MS SQL Server would inline each reference of CTE into the main query and optimize the whole result, but PostgreSQL doesn't. MS SQL Server会将CTE的每个引用内联到主查询中,并优化整个结果,而PostgreSQL则没有。 In some sense PostgreSQL is more flexible here. 从某种意义上说,PostgreSQL在这里更灵活。 If you want the subquery to be evaluated only once, put it in CTE. 如果只希望对子查询进行一次评估,请将其放在CTE中。 If you don't want, put it in subquery and repeat the code. 如果不想,将其放在子查询中并重复代码。 In SQL Server you'd have to use temporary table explicitly. 在SQL Server中,您必须显式使用临时表。

Your example in the question is too simple and most likely both variants are equivalent - check the execution plan. 您在问题中的示例太简单,很可能两个变体都等效-检查执行计划。

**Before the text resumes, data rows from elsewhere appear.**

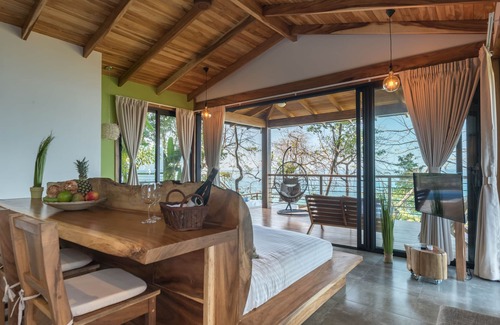 Carmen Resort | "Aquamarine" Studio Villa with pool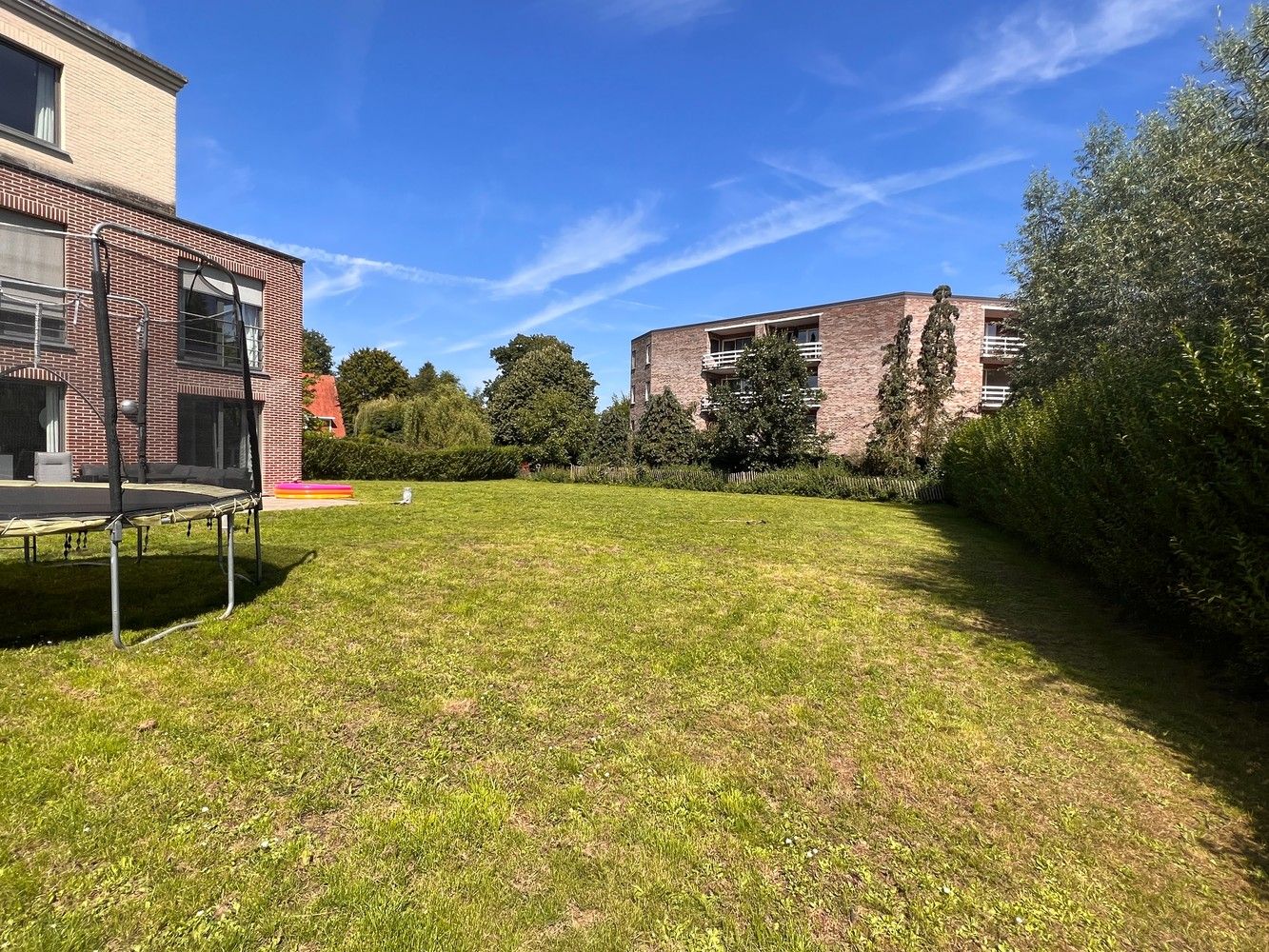Clusterwoning met 4 ruime slaapkamers, tuin en 2 ondergrondse staanplaatsen. foto 6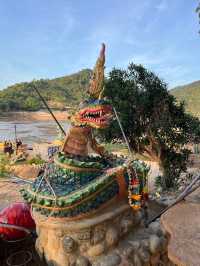 วัดพระธาตุดอยแม่ย่าม่อน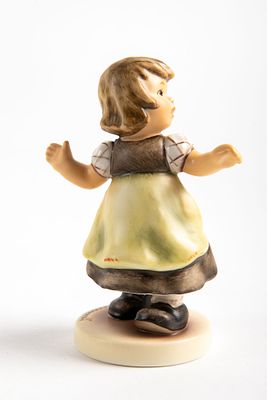 Goebel גרמניה - Liesl מסדרת Spring Waltz. פיגורינה בעיצוב M.I.Hummel 
מ 2007-8 
גובה 10 ס"מ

Official docs mention it, as I quoted above, but Nick Barnes gave a link to a good article explaining it in more details and I thought it is worth putting it in an answer, rather that comment. 就像我在上面引述的那样,官方文档提到了它,但是尼克·巴恩斯(Nick Barnes)给出了一篇很好的文章的链接,其中对它进行了更详细的解释 ,我认为值得将其作为答案,而不是发表评论。

When optimising queries in PostgreSQL (true at least in 9.4 and older), it's worth keeping in mind that – unlike newer versions of various other databases – PostgreSQL will always materialise a CTE term in a query. 在PostgreSQL中优化查询时(至少在9.4及更早版本中适用),需要牢记的是-与其他各种数据库的较新版本不同,PostgreSQL将始终在查询中实现CTE术语。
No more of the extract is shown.